The Council of Mortgage Lenders provided a statement to the BBC Radio 4 You and Yours consumer programme earlier this month.
It reads in full: “Recent rule changes in the mortgage market over the past couple of years have made it a requirement for lenders to take account of all known future changes to a borrower’s income and expenditure that could affect the affordability of their mortgage.
“Known future ground rent increases would therefore need to be taken into account by lenders in their affordability assessments.
“It is worth noting, too, that a lender’s risk might also be increased if ground rent values are disputed in the future and the borrower does not pay while in dispute, as in such situations the lease could potentially be forfeited and the lender’s security put at risk.
“Clearly it is therefore helpful to both the owners of leasehold properties and mortgage lenders if ground rent increases are set at levels that will not materially change mortgage affordability in the future and therefore create potential distortions in the availability of mortgage finance on affected properties.”
Please sign this petition calling for an end to leasehold houses: https://you.38degrees.org.uk/petitions/leasehold-new-house-builds
Has anyone asked if leasehold houses would be covered by the Flood Re insurance scheme?
It occurs to me that leasehold flats have been excluded from the scheme on the grounds that they are deemed to be a commercial entity, so could the same be true of houses bought on leasehold?
That shatters the illusion that leaseholders are home owners then, we are tenants and the government needs to clarify our position and strengthen our rights. That’s what happens in a democracy right?
Hi Leaseholder. As ‘another leaseholder’ going through an arduous and tiresome lease extension process and having read a few tribunal cases, I can confirm that we are seen and referred to as ‘tenants’ by the judges, not home owners!
And the Freeholder’s are considered to be our Landlords!
Hmm … The leasehold system stinks, and I believe lease agreements are a form of entrapment as most leaseholders do not have a clue what they are letting themselves in for when they sign up.
Perhaps lease agreements should be renamed ‘rental agreements’ or ‘not so assured tenancy agreements’ because in reality that is what they are. At least a change in name would alert future leaseholders to the need to get fully informed before making the leap into the murky world of leasehold properties.

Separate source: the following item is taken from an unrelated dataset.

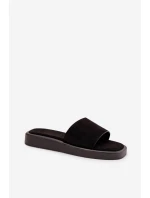 Klapki Damskie Na Platformie Z Eko Zamszu Czarne Jorina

There you go … my thought for the day! Oh yeah, conversion of leasehold properties to commonhold or a share of the freehold at the freeholder’s expense as suggested by the head of the Institute of Chartered Builders in one of the other articles would go a long way to solving many if not all of the problems leaseholders face.
It seems odd that you use the term Lease Agreement I bought a Long Residential Building Lease being a Contract made by Deed signed under Seal. What are people signing for today? I’ve actually stood in the court room and shouted at the Judge this very point. He seemed surprised until he looked at the Lease – and agreed with me. These are very strange times..
Hi B. I am not sure what people are signing up to today but my lease is simply titled ‘Lease’ from the 1960s made between the builder and the first leaseholder. The title was transferred to the new leaseholders at every point of sale thereafter. It seems the business of selling off the freeholds is not new as the builder sold it onto a chartered surveyor who seems to have used it as a future pension pot, i.e. once the leaseholders started to realise the need to extend the leases he was onto a nice little earner. He has passed on but his family retains the freehold and can still look forward to some nice little earners as some of us have yet to extend the leases and it is now getting to be very expensive to the point of almost unaffordable. I was offered initially the option of an informal deal that contained a staggering ground rent structure that almost made my eyes pop out and made me realise that I cannot trust the freeholder or his agent to act with honour or integrity and so I have had to get to grips with the subject and commission my own independent valuer. There you go, hope that helps.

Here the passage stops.